Showing the tenacity that marked her career, she battled back though and her two French Open titles on a clay court surface she once loathed earned Sharapova admiration.

Her career took a dark turn in 2016.
After an 18th consecutive defeat by Serena Williams, in the quarter-finals of the Australian Open, Sharapova failed an anti-doping test and was initially banned for two years by the International Tennis Federation (ITF).

Sharapova claimed she had not realised that meldonium, which she said she had taken for health issues throughout her career, had been added to the World Anti-Doping Agency’s banned list.

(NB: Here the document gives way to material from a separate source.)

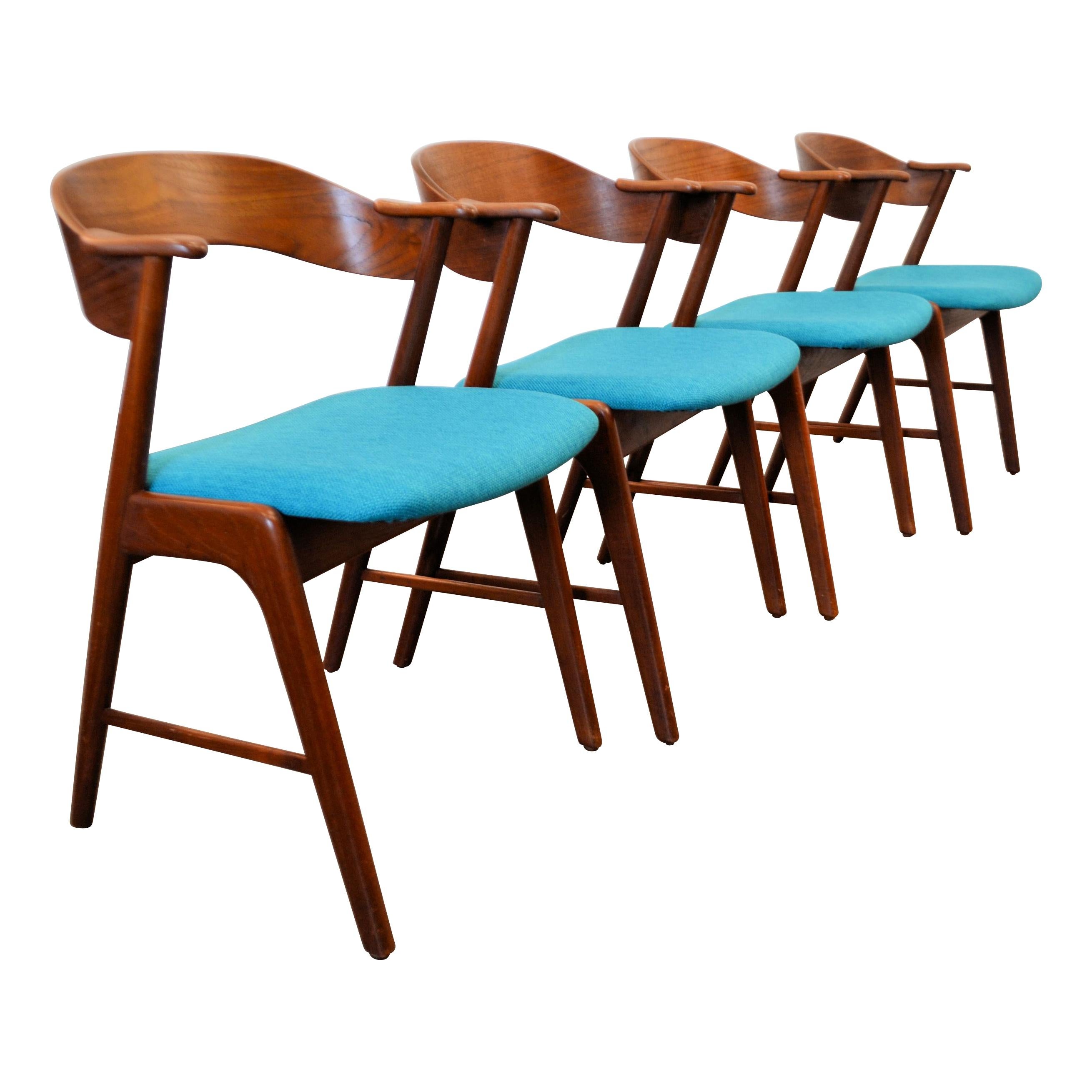 Gorgeous set of four vintage teak dining chairs designed by Kai Kristiansen for Danish manufacturer Korup Stølefabrik. Kristiansen became worldwide known and celebrated for his iconic dining chair designs. These comfortable Mid-Century Modern chairs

Maria Sharapova has a blank look on her face as she sits in front of a microphone.
Her ban was eventually reduced to 15 months and she returned to action in April 2017 after being handed wildcards at several events, which drew criticism from some fellow players.

Later that year she won the Tianjin Open, the last title of a storied career that earned her $US38.7 million ($59 million) in prize money — a figure dwarfed by off-court earnings that according to Forbes made her the highest-paid female athlete for 11 years in a row.

The all-too-frequent career breaks gave Sharapova time to establish a confectionery company called Sugarpova, from which some of the proceeds go to the Maria Sharapova Foundation — a charity set up to help victims of the 1986 Chernobyl nuclear accident from which her parents fled.

While that will keep her busy, Sharapova said the thrill of competition will be missed.
“In giving my life to tennis, tennis gave me a life,” she said.
“I’ll miss it every day, I’ll miss the training and my daily routine.”